RECORDS FOR THIS EXERCISE ▸
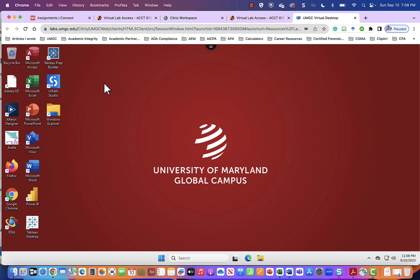When you see the red screen you will know that you have reached UMGC's virtual lab. All of the icons on the left are applications that we will be using. In the Data Analytics for Accounting text via Connect you will be given two options for data analytics Tableau or Power BI. Almost all of the courses will use Power BI or Microsoft Excel and a few use Microsoft Word. On rare occasions and with the permission of your instructor you may be able to use Tableau.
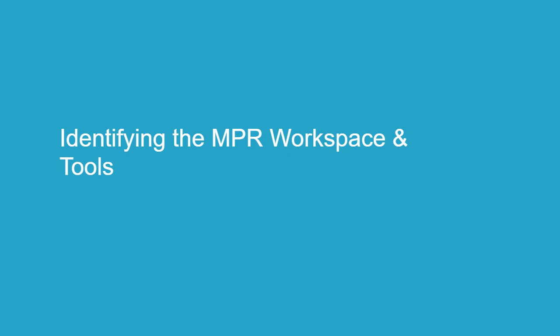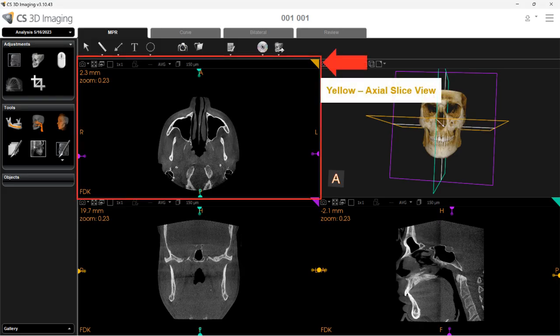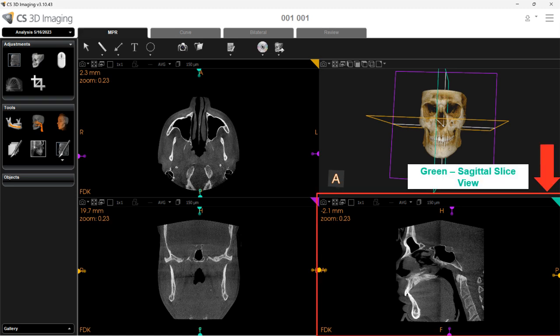Identifying the MPR workspace and tools. The MPR tab provides 2D MPR views and a rotatable 3D view. In the view screens, yellow represents the axial slice view, which displays horizontal slices allowing you to view them superior to inferior, or from top to bottom. Purple represents the coronal view, which displays vertical slices allowing you to view them anterior to posterior, or front to back. Green represents the sagittal slice view, which displays vertical slices from medial to lateral, or right to left.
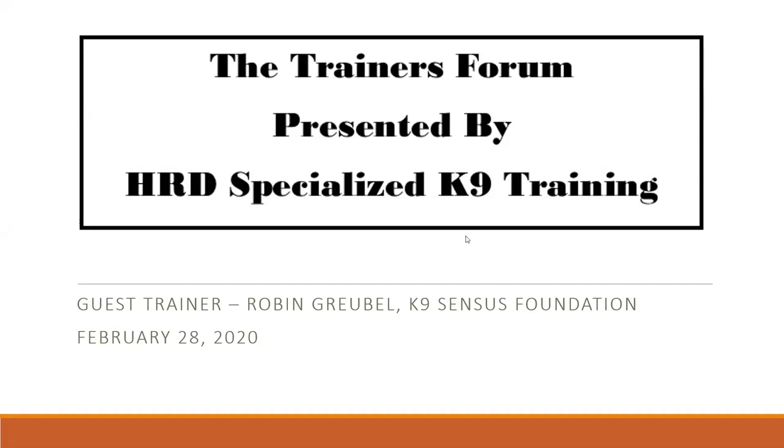Good evening everyone, and welcome to the trainer's forum presented by HRD Specialized Canine Training. This month, our guest trainer is Robin Grubel from Canine Census Foundation.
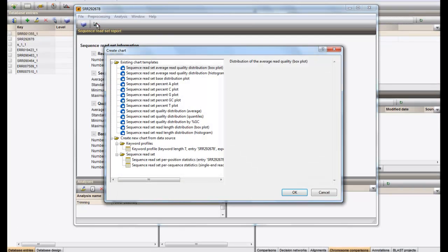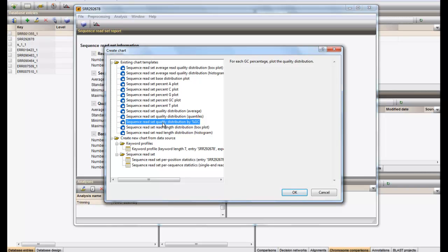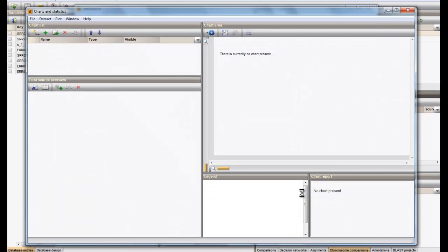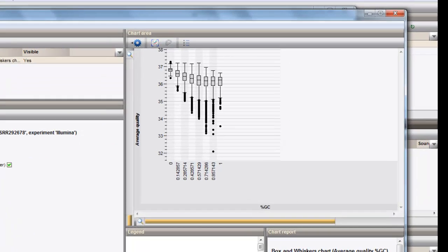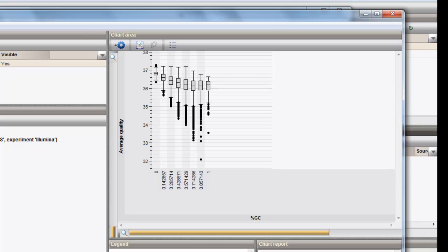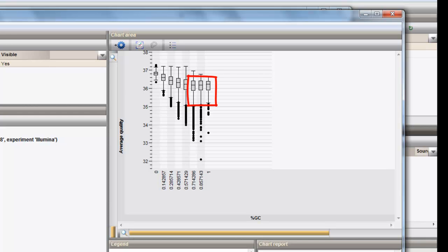As a last example, we can create a chart for the quality distribution by %GC. From this graph, we can see the read quality distribution over the %GC range. This graph shows us that for this dataset, the low-percent GC reads are generally of higher quality than the reads having a high GC content.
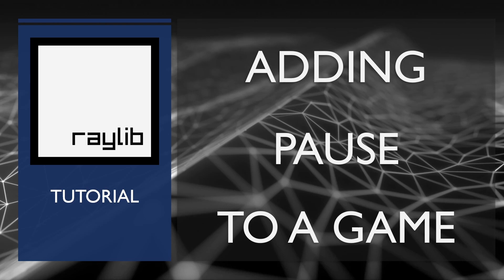Adding pause is kind of easy. We simply need to keep some kind of state variable around that tells us if we are paused or not, and then we update what the game does based on how that's set.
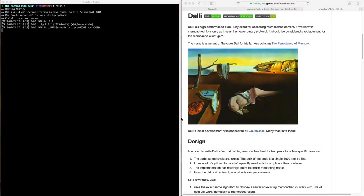Today we're going to be looking at the Dalli gem. Dalli is a high-performance, pure Ruby client for accessing memcache servers.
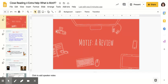So buckle up, buttercups. This is going to be a very down and dirty review, and I'm going to give you some hints on how to complete your close reading number four. And because I am going to be giving you some extra help with this, I'm also going to be extending the due date for close reading number four. So you're welcome.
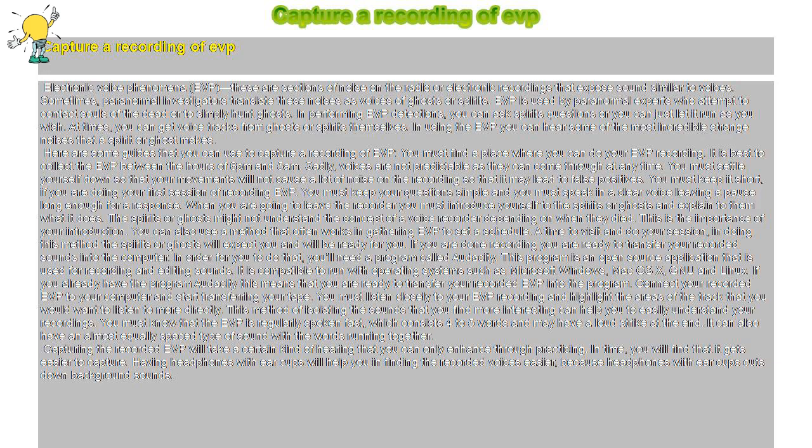When you are going to leave the recorder you must introduce yourself to the spirits or ghosts and explain to them what it does. The spirits or ghosts might not understand the concept of a voice recorder depending on when they died. This is the importance of your introduction.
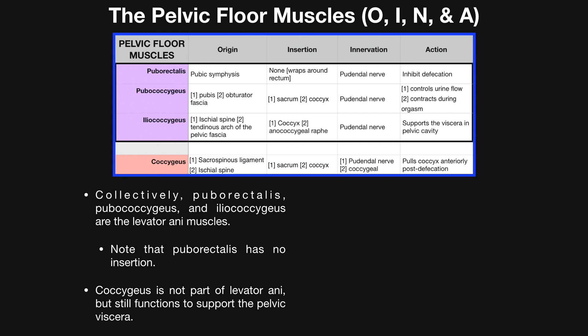The insertion of the pubococcygeus is going to be the sacrum and coccyx. The two things that pubococcygeus does are: one, control urine outflow, and two, contract during orgasm in males and females. Focusing on urine flow — when you're not naturally urinating and want to inhibit the micturition reflex, pubococcygeus is contracted. During rest, as long as pubococcygeus is contracted, it will inhibit urine outflow. So puborectalis is more the defecation part; pubococcygeus is more the urine part.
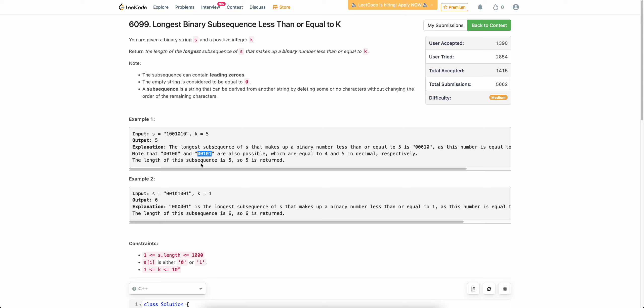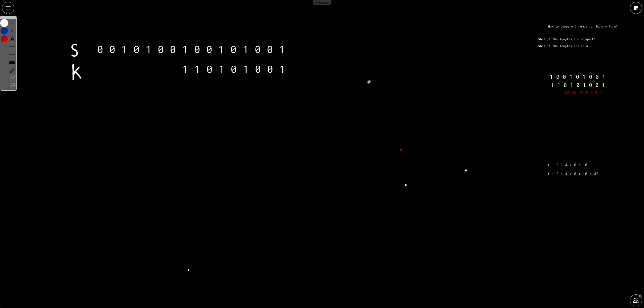Similarly, 00101 is a valid subsequence. First, it is a subsequence. Second, if you represent it in decimal format, the value is 5 and 5 is less than or equal to 5. So you need to find the length of the longest valid subsequence among all valid ones. I hope the problem is clear. Let's try to solve it.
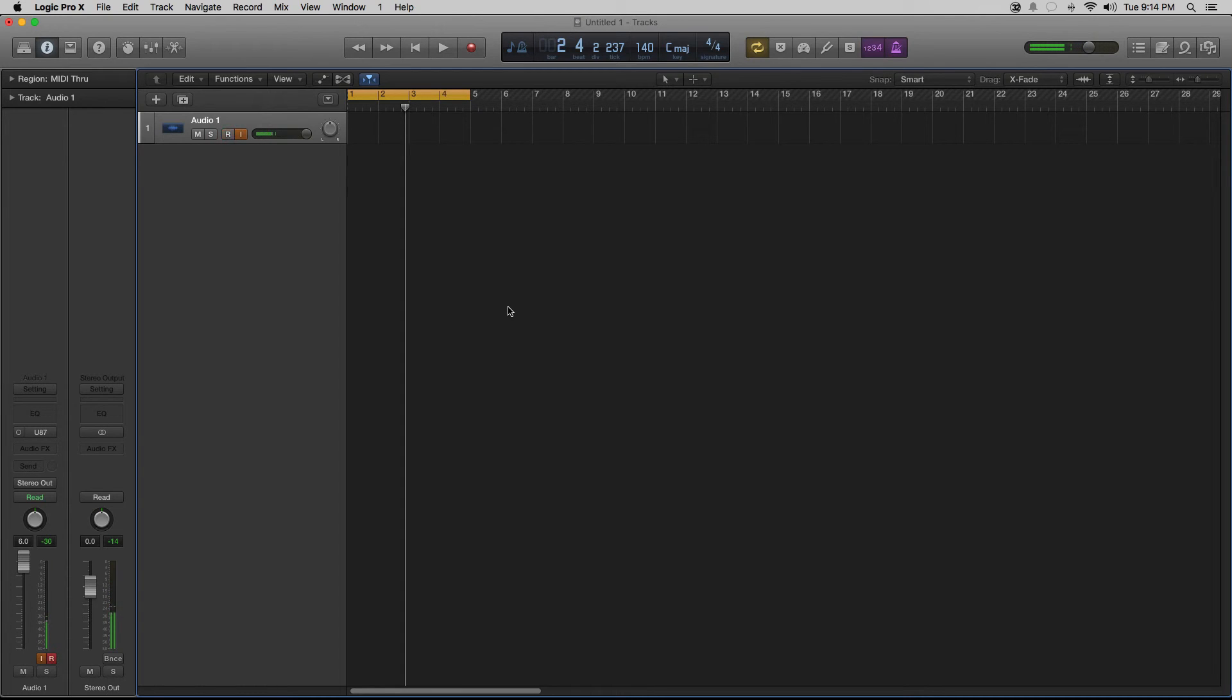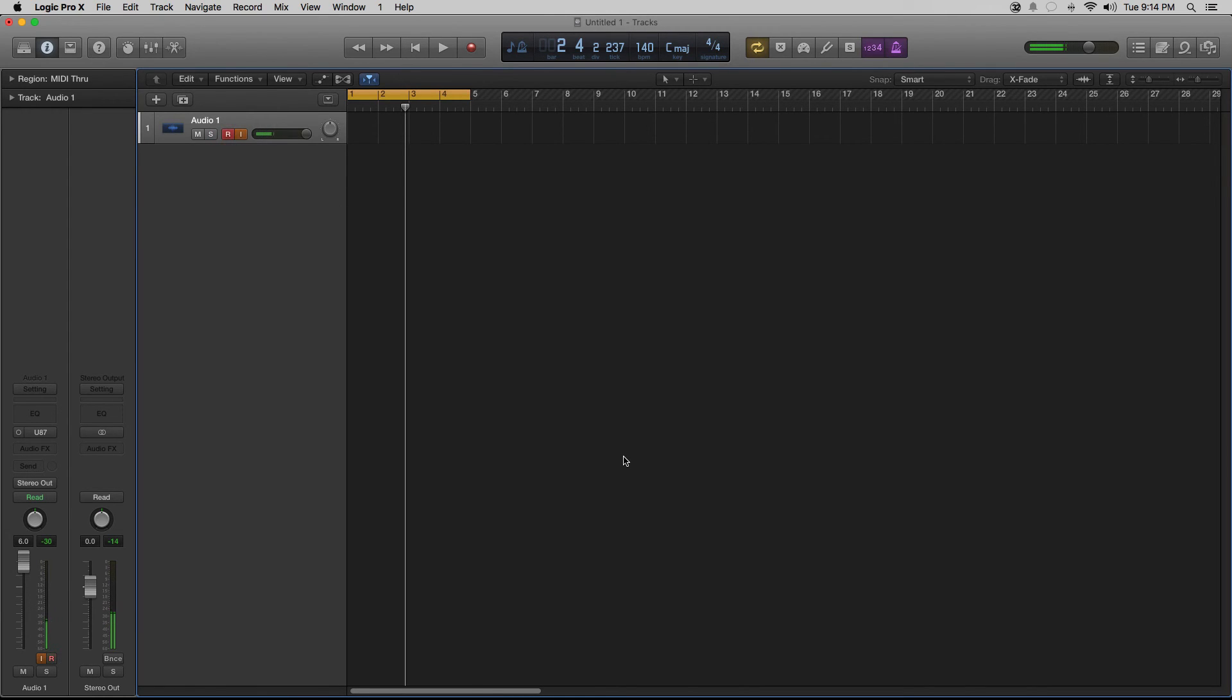That's it guys. So this is a quick way to change tempo and set tempo for your projects in Logic Pro X. If you have any questions please leave a comment below, hit the like button, share and get in touch with me and I'll try and do another tutorial for the topic that you guys want.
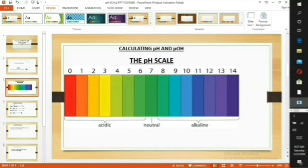Welcome to my class on calculating pH and pOH. The pH scale shows a representation of acidity or alkalinity. It ranges from 0 to 14, with 0 to 6 showing acidic substances and 8 to 14 showing alkaline substances. A pH of 7 shows a neutral substance.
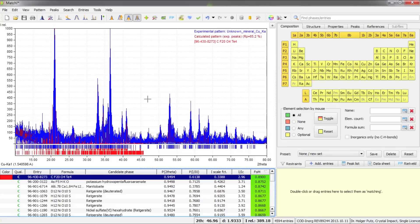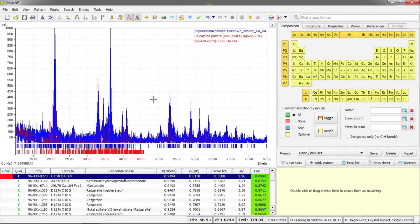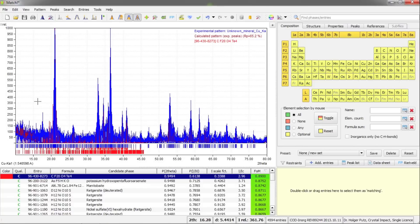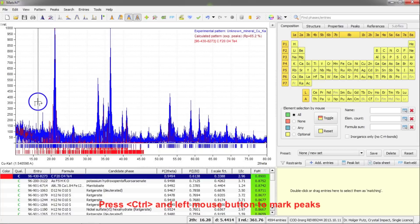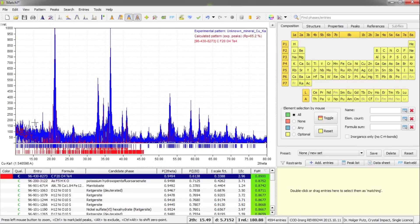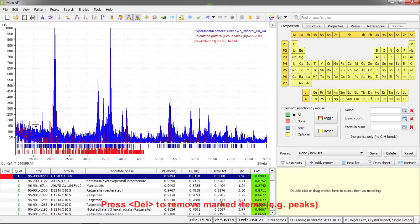Before I continue, I would like to show you what you could also do to get rid of these many surplus peaks. One option is to mark the peaks you would like to delete and press the Delete button. I'll move the mouse cursor to an appropriate position. Now, to mark peaks, I'll press the Control button and keep the left mouse button pressed while moving the mouse to the left. You can see the yellow range that has been drawn, and once I release the mouse button, all these peaks are marked. I can simply press the Delete button on the keyboard.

WHAT YOU NEED TO DO ▸
Extract from the material above the stretch running from the line containing "So buckle up, buttercups." through the line containing "When you are". Keep the text exact and the pictures out.

ANSWER FOR THE TASK ▸
So buckle up, buttercups. This is going to be a very down and dirty review, and I'm going to give you some hints on how to complete your close reading number four. And because I am going to be giving you some extra help with this, I'm also going to be extending the due date for close reading number four. So you're welcome.
When you are going to leave the recorder you must introduce yourself to the spirits or ghosts and explain to them what it does. The spirits or ghosts might not understand the concept of a voice recorder depending on when they died. This is the importance of your introduction.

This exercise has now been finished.